Yes, but copy and leads can be changed on Wednesday afternoon, can't they? Keep apologizing, but I'm not convinced.
Posted by Jack Bog | May 4, 2007 9:12 PM
Can I have a bite?
Posted by Gil Johnson | May 4, 2007 9:27 PM
If I may, and nicely:
We're talking about a weekly feature section, not breaking news. When a feature section has been planned, reported, written and edited over a span of a couple weeks, and is then being laid out on press day, and then you discover that somebody else at a different publication has written about the same thing, you 1) aren't "derivative" and 2) can't turn around on a dime and produce work of the same stripe and quality.
In this case, it's hamburgers. But take this example: Wilamette Week ran a review of "Spiderman" on wednesday. The Mercury ran one Thursday. The Trib and Oregonian and New York Times and every other daily paper in the country ran them today. Does that make the ones published today "derivative"? Should no one else have run a review because somebody else had one in print first? Does it make you inattentive or careless if your paper comes out on a different day? I don't think so.
It would be one thing if we were talking about news stories with timely data in them. Then the only excuse for being late would be new information. But in a feature section, overlap with other publications is inevitable given that you're all pretty much responding to the same new restaurants/movies/books/CDs. And you don't throw out your own work simply because someone else publishes a day or two earlier than you.

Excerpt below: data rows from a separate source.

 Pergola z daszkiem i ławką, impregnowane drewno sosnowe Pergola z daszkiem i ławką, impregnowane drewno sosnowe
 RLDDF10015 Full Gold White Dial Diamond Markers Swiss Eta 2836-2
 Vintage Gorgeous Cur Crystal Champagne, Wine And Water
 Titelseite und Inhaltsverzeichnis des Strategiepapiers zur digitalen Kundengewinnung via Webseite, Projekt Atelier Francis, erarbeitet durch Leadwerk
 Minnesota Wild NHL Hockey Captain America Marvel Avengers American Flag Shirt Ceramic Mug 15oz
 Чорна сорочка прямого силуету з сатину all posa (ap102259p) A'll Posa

BTW: I don't work in journalism. But I have done so in the past, in addition to teaching it at the high school level. And I've had the frustration of those editors on seeing my "brilliant idea" "scooped" by a day or two. In a general interest publication with a weekly publication schedule like the Oregonian arts section, it's simply inevitable. It sickens the staff, I can tell you. But you have that much more incentive to do a better job. BEcause first to print doesn't equal best, of course.
Posted by Josh | May 4, 2007 9:45 PM
somebody else at a different publication has written about the same thing,
It's not just that. The O reporter led with the exact same point that the WW story did. There was time to change that, but they didn't.

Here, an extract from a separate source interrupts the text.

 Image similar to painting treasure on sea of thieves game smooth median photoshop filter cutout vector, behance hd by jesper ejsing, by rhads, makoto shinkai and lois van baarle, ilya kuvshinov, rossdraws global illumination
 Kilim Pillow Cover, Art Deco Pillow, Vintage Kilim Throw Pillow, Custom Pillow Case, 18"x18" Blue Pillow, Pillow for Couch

Posted by Jack Bog | May 4, 2007 10:10 PM
They don't seem that similar to me -- except for the announcement that the new burger in town costs a lot, which is the real headline and should come first. After all, it's why both papers did the story, I would guess. And after that, they're very different stories. One is a restaurant review, the other compares burgers around town.
But the main point I'm trying to make is that just because somebody publishes on Wednesday and you publish on Friday doesn't rise to the level of a moral flaw. Heck, the best story on the sujbect might not be printed for another month somewhere else.
peace out
Posted by Josh | May 4, 2007 10:25 PM
Whatever. "$28 burger" all over both stories.
Enjoy your Oregonian.
While you can.
Posted by Jack Bog | May 4, 2007 10:31 PM
If I had the energy I'd show you how the O gets beat on story after story, several times each week. But it's not worth it.
Posted by Jack Bog | May 4, 2007 10:32 PM
Aside from the "who published first" argument, I didn't see any mention of the competing burger at Driftwood in the Oregonian story.
That's something I might actually go for - when it's $11 during happy hour, of course.
Posted by Greg Diamond | May 5, 2007 12:38 AM
OK, so it's a $28 burger. But will it float?
"Hurley. It's how you'll feel when you get the tab."
Posted by Allan L. | May 5, 2007 8:29 AM
Get yourself a Passport Unlimited card and it's 2-for-1 at Hurley's, and a lot of other places. (That would make it a $14 burger, eh?) Then blow your "savings" on some good wine (and don't forget to tip well!) (I have absolutely zero relationship with them, but they're at www.passportunlimited.com if you like to eat out.)
The $28 burger does seem silly, but foie gras ain't cheap (and who knows when PETA et al will finally succeed in banning it). Then again, I walked by Thomas Keller's Per Se in NY a couple of weeks ago...$250 for the tasting menu, without wine. The foie gras dish was an extra $30. And that's IF you could get a reservation. And "gentlemen" have to wear jackets.
Shoot...for $250 I should be able to eat naked if I want.